### EXERCISE OBJECTIVE
With pictures excluded, copy word for word the lines in the data below from the line containing "ラベンダーに黄色と黒の蝶 セラミックオーナメント (右)" through the line containing "rag & bone Melrose".

### RECORDED DATA

______________________________

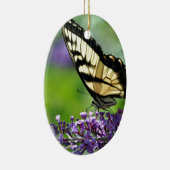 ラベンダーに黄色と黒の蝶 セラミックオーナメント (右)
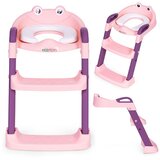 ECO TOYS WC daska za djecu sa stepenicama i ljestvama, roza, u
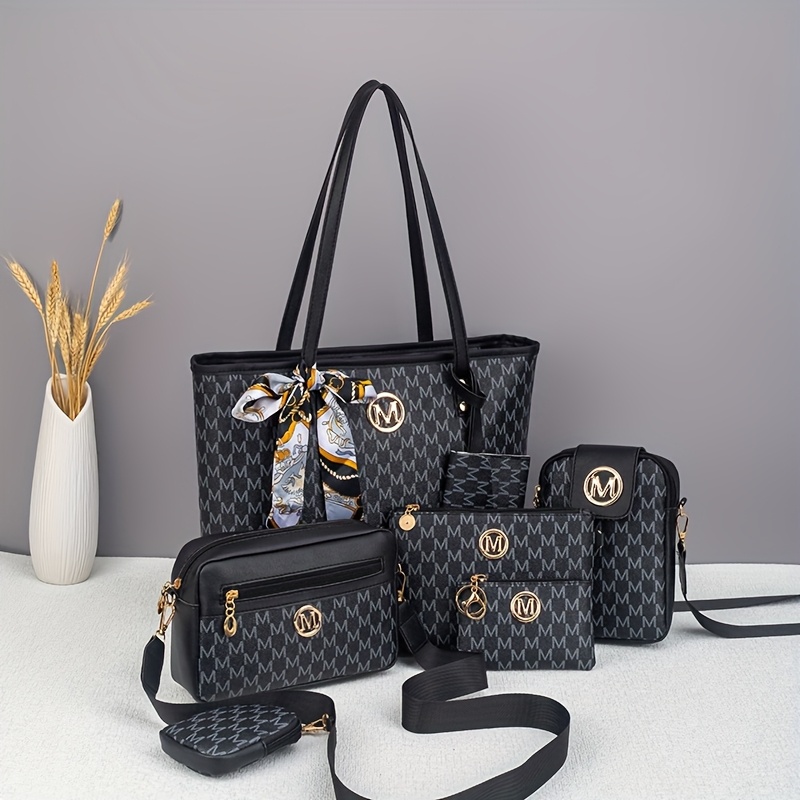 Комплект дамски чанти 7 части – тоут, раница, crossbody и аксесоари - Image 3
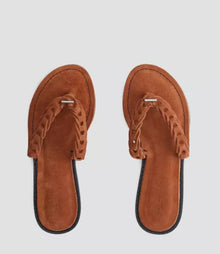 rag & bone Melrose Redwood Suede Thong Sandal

______________________________

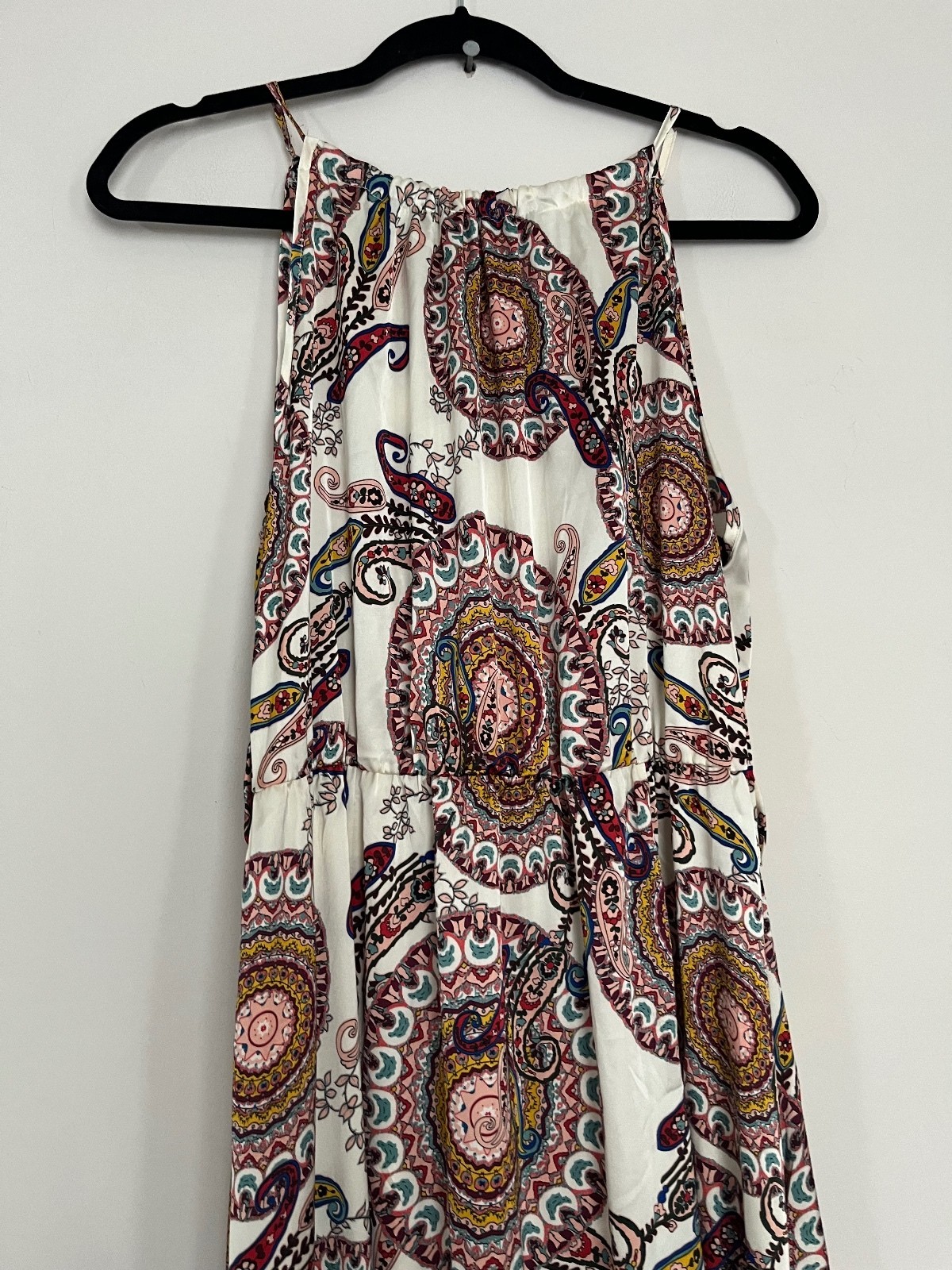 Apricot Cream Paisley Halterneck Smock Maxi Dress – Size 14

______________________________

### EXPECTED ANSWER
 ラベンダーに黄色と黒の蝶 セラミックオーナメント (右)
 ECO TOYS WC daska za djecu sa stepenicama i ljestvama, roza, u
 Комплект дамски чанти 7 части – тоут, раница, crossbody и аксесоари - Image 3
 rag & bone Melrose Redwood Suede Thong Sandal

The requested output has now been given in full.